• _PROBLEM DETAILS_: Reproduce the whole listing word for word. Leave every image out.

• _RECORDS SHOWN_:
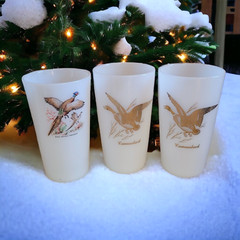 Federal Milk Glass Tumblers Wild Game Set of 3 Mallard Duck Glasses
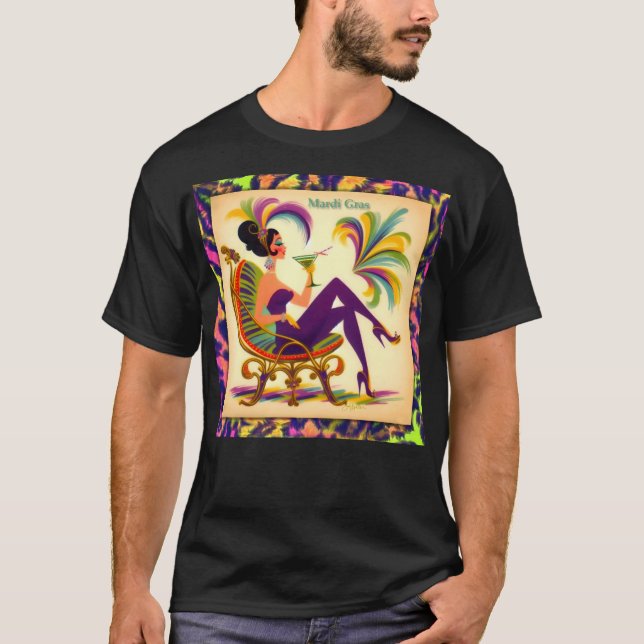T-shirt Femme Mardi Gras Martini du milieu du siècle futur (Devant)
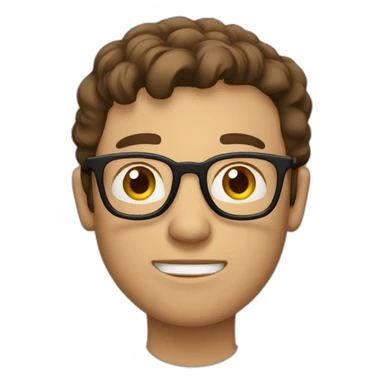 Man with brown hair and glasses who thinks about something sticker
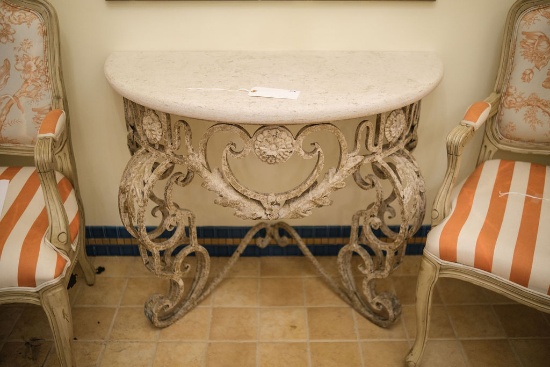 Iron wall mount console limestone top,  Approx.  31"H x 39"W x 20"D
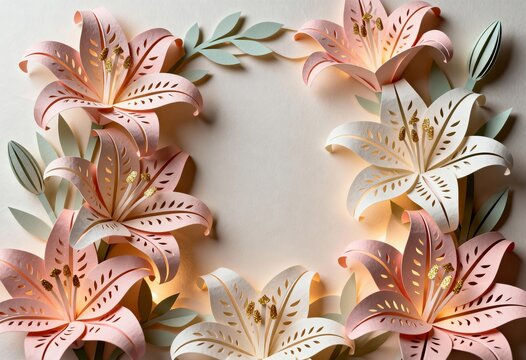 Elegant floral frame with handmade paper lilies and soft pastel colors creating a sweet, feminine vibe perfect for spring promotions and gentle announcements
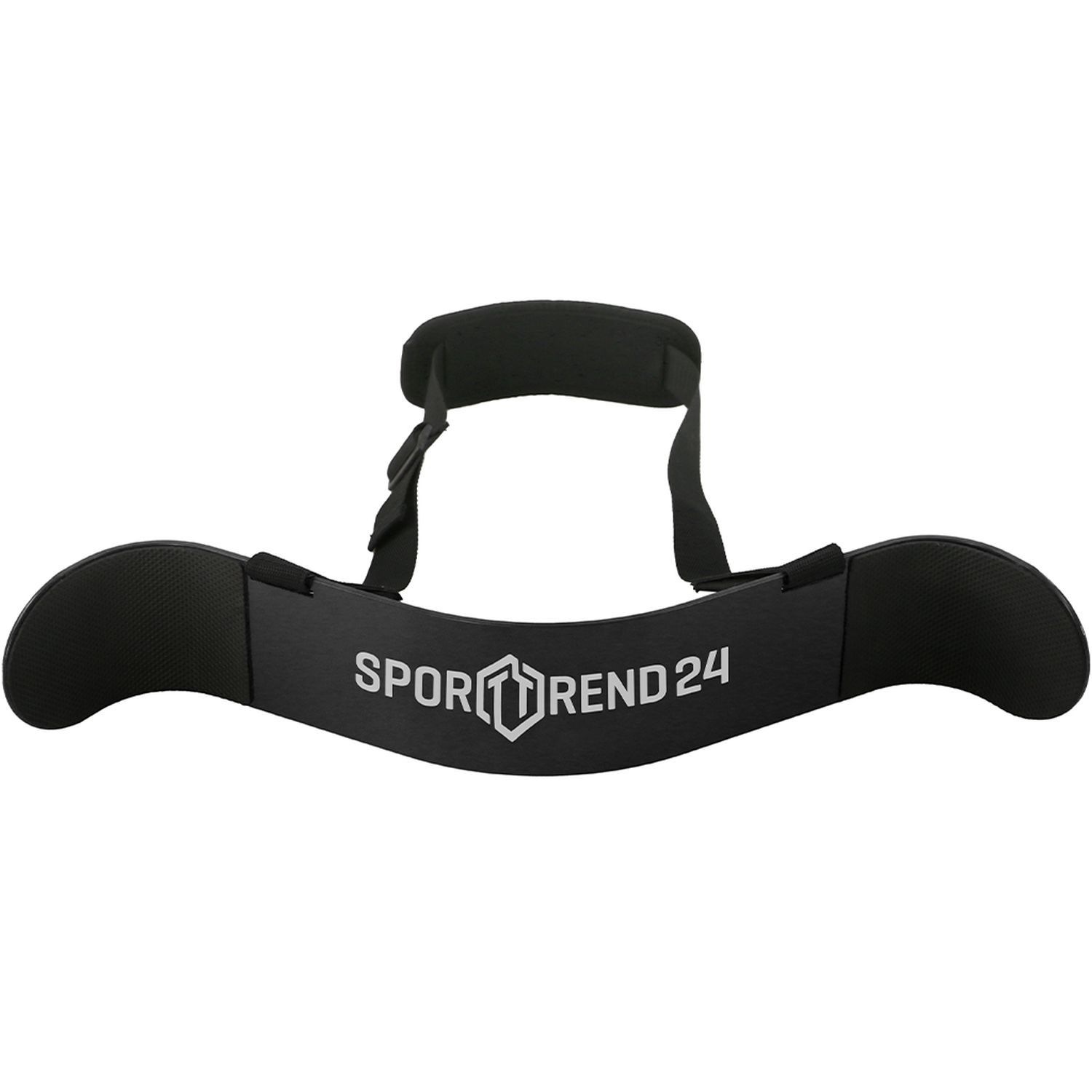 Schwarzer Bizeps Isolator mit gepolsterten Armauflagen und Schultergurt. Aufschrift: Sporttrend24.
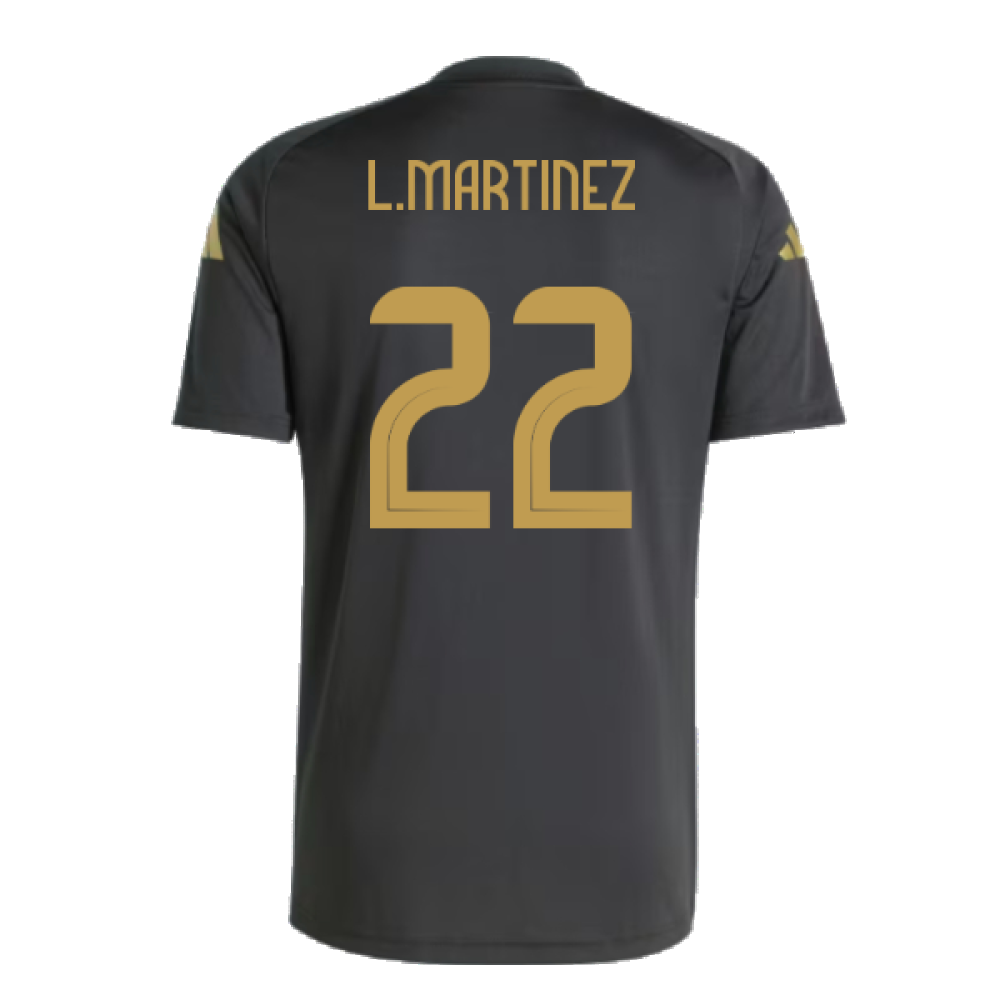 2024-2025 Argentina Pre-Match Shirt (Black) (L.MARTINEZ 22)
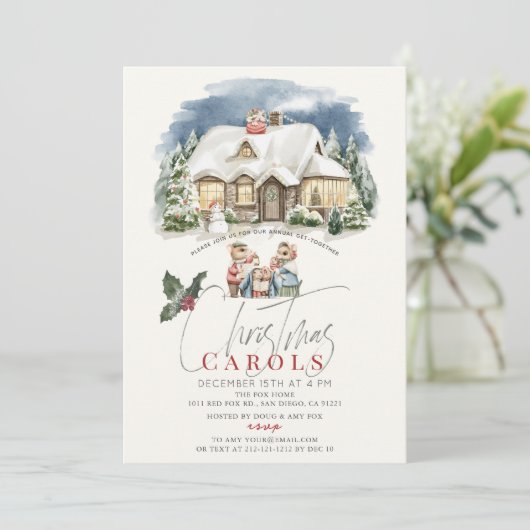 Christmas Caroling Musical Carol Play Mice Holiday Kaart (Staand voorkant)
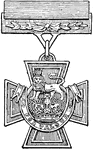 "Established in 1856 for acts of bravery in battle. It is a bronze Maltese cross with the royal crest (lion and crown) in the center and below it a scroll inscribed 'For Valour.'"&mdash;Webster, 1920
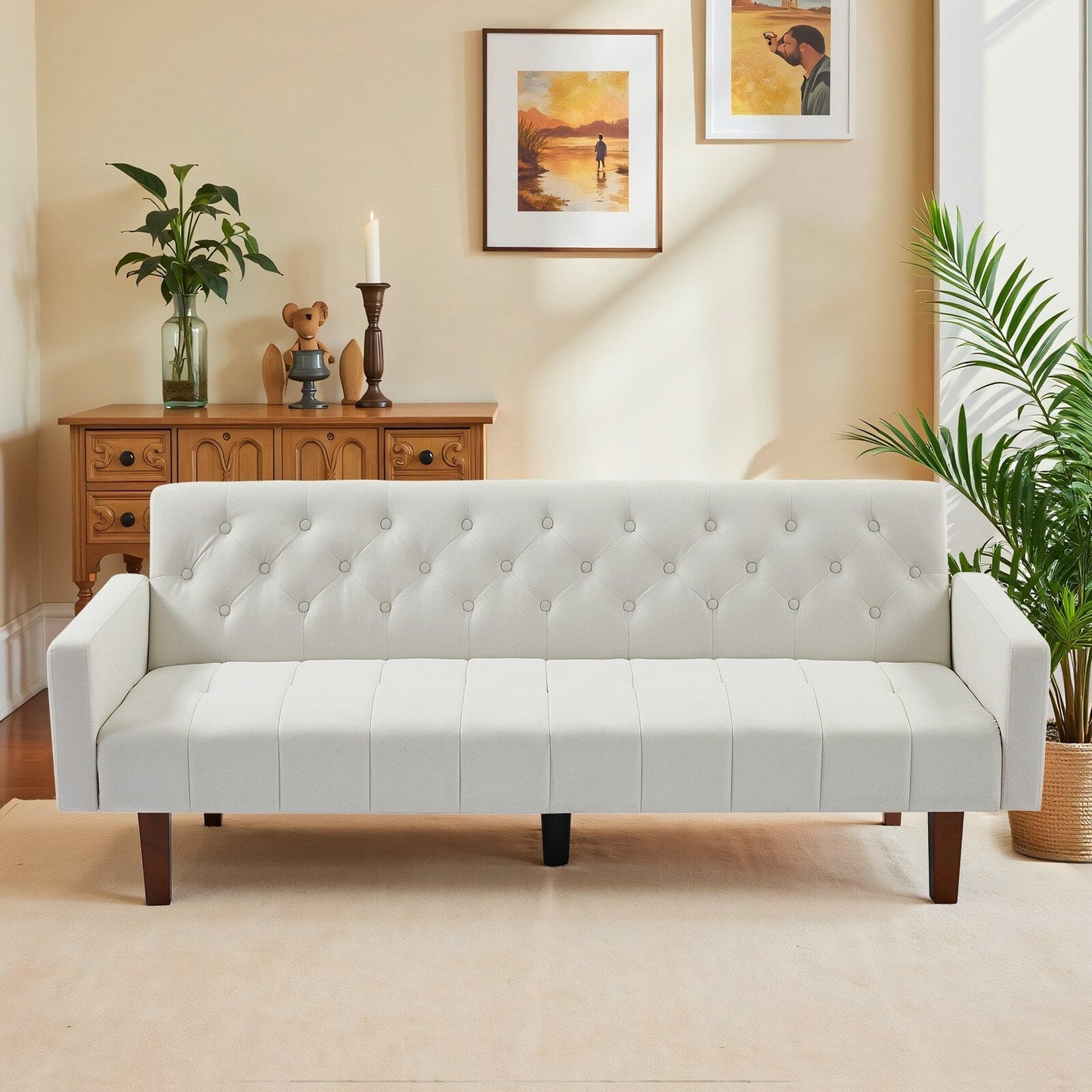 Canapé-lit futon convertible en lin pour une personne de 74,41 po avec dossier réglable – 74,41 x 32,68 x 28,94 po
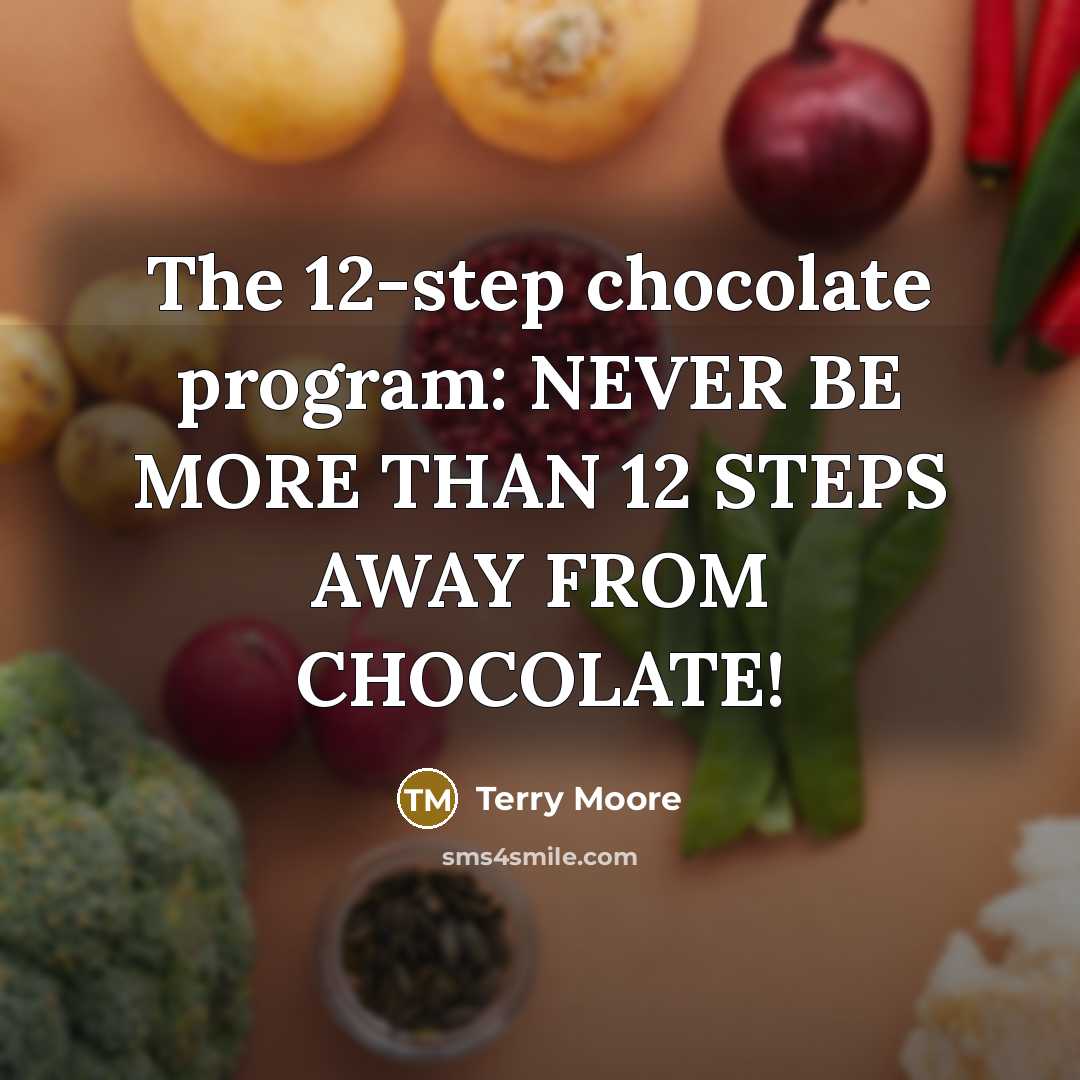 “The 12-step chocolate program: NEVER BE MORE THAN 12 STEPS AWAY FROM CHOCOLATE!” quote by Terry Moore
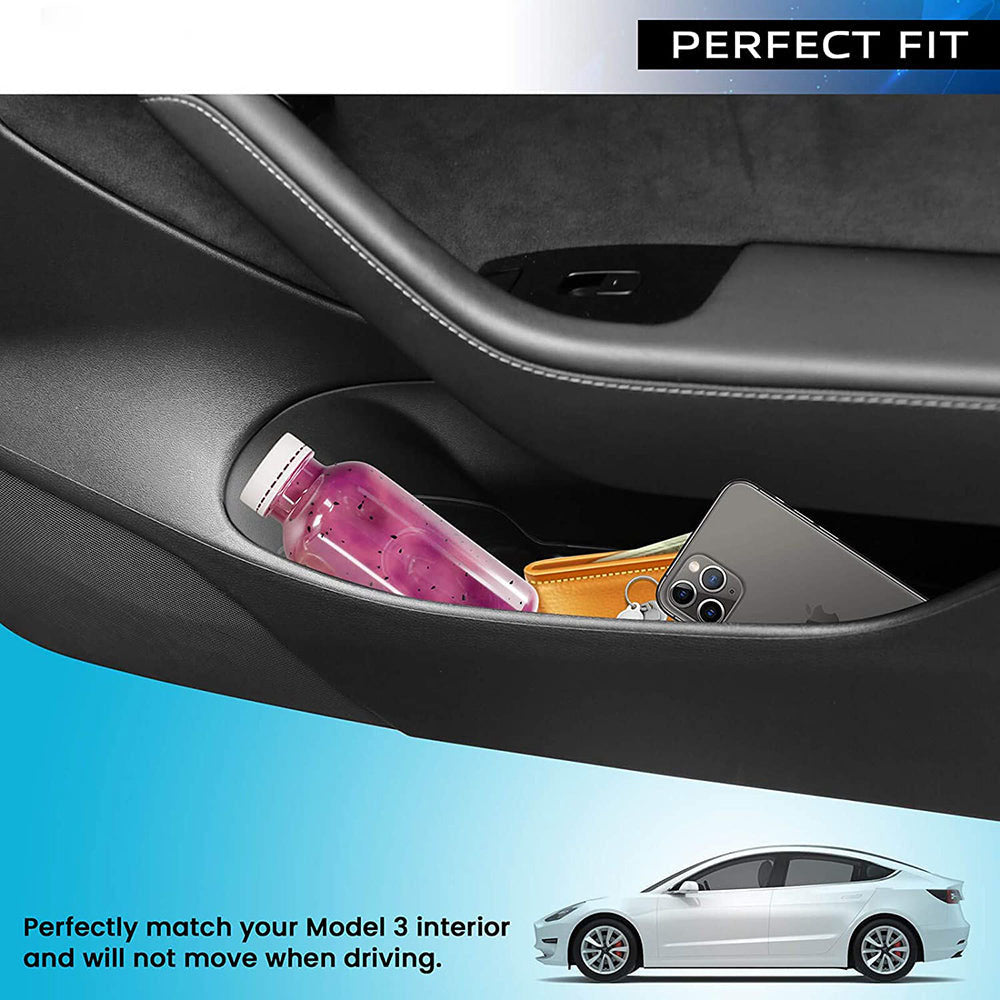 Car Door Storage Box Protection TPE Storage Slot Car for Tesla Model 3 2017-2023 (4 Pcs) - Tslaup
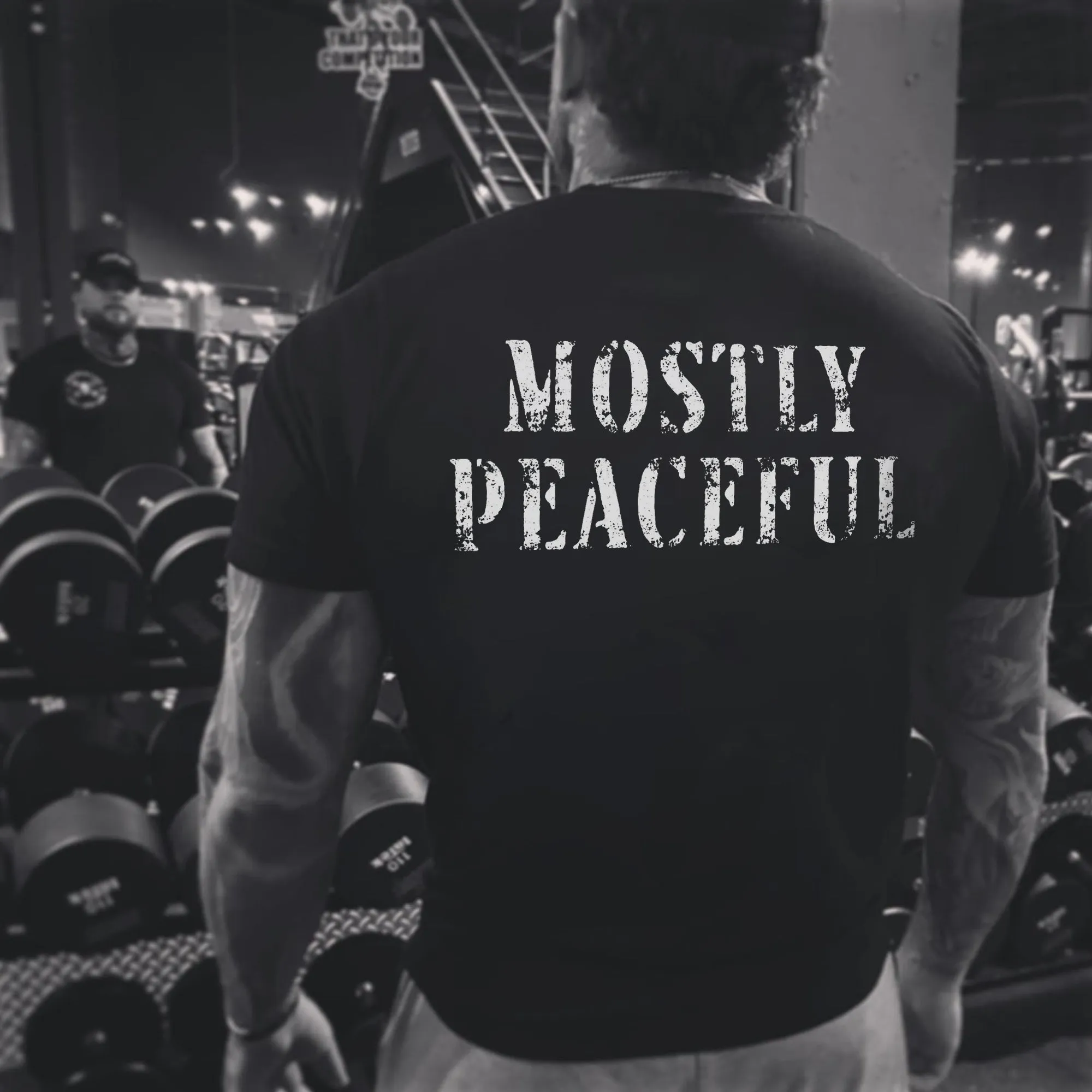 Mostly Peaceful Printed Men's T-shirt sold by Polyalien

• _TASK RESULT_:
 Federal Milk Glass Tumblers Wild Game Set of 3 Mallard Duck Glasses
T-shirt Femme Mardi Gras Martini du milieu du siècle futur (Devant)
 Man with brown hair and glasses who thinks about something sticker
 Iron wall mount console limestone top,  Approx.  31"H x 39"W x 20"D
 Elegant floral frame with handmade paper lilies and soft pastel colors creating a sweet, feminine vibe perfect for spring promotions and gentle announcements
 Schwarzer Bizeps Isolator mit gepolsterten Armauflagen und Schultergurt. Aufschrift: Sporttrend24.
 2024-2025 Argentina Pre-Match Shirt (Black) (L.MARTINEZ 22)
 Christmas Caroling Musical Carol Play Mice Holiday Kaart (Staand voorkant)
 "Established in 1856 for acts of bravery in battle. It is a bronze Maltese cross with the royal crest (lion and crown) in the center and below it a scroll inscribed 'For Valour.'"&mdash;Webster, 1920
 Canapé-lit futon convertible en lin pour une personne de 74,41 po avec dossier réglable – 74,41 x 32,68 x 28,94 po
 “The 12-step chocolate program: NEVER BE MORE THAN 12 STEPS AWAY FROM CHOCOLATE!” quote by Terry Moore
 Car Door Storage Box Protection TPE Storage Slot Car for Tesla Model 3 2017-2023 (4 Pcs) - Tslaup
 Mostly Peaceful Printed Men's T-shirt sold by Polyalien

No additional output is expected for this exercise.